● Assignment:
Give the count of lines in the records below that contain "view", and say nothing more.

Stored dataset items:
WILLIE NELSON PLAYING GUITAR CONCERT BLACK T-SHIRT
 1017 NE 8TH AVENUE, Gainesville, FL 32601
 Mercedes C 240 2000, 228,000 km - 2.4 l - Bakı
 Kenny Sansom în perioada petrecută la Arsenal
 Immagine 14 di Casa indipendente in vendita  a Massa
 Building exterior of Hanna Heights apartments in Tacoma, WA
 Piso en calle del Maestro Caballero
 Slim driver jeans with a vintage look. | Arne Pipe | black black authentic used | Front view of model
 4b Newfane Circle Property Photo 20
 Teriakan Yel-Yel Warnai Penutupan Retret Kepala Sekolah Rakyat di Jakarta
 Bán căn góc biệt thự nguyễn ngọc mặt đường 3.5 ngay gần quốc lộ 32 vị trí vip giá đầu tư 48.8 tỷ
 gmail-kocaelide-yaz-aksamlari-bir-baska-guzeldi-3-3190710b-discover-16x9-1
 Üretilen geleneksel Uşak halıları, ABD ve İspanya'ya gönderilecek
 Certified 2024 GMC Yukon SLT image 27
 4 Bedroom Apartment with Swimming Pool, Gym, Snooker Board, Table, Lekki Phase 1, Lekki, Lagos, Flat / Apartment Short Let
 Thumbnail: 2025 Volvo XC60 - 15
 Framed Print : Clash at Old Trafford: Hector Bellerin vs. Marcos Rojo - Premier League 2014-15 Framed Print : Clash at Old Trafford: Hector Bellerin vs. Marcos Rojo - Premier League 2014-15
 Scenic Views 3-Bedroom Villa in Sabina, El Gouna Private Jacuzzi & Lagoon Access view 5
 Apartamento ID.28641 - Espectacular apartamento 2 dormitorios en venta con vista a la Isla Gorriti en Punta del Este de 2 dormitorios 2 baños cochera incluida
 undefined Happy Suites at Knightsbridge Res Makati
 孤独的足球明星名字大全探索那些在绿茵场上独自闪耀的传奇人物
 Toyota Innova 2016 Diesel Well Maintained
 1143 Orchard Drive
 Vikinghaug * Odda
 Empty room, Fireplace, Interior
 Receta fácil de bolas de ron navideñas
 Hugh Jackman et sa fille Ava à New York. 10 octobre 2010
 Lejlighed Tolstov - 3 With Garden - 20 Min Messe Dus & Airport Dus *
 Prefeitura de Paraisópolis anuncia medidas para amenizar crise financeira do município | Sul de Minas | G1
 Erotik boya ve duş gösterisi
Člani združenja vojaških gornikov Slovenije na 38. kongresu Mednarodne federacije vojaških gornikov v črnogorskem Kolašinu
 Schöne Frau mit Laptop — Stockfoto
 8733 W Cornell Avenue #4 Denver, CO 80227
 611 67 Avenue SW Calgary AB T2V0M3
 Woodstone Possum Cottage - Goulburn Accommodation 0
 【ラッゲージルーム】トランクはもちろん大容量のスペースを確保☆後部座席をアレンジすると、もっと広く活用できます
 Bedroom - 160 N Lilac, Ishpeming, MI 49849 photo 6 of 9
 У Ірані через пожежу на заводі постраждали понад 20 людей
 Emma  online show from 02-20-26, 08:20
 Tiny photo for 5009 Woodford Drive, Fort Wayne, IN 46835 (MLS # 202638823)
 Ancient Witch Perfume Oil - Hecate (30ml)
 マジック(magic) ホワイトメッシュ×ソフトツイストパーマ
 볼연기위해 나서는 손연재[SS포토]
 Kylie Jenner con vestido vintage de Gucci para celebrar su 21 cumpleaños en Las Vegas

● Task result:
2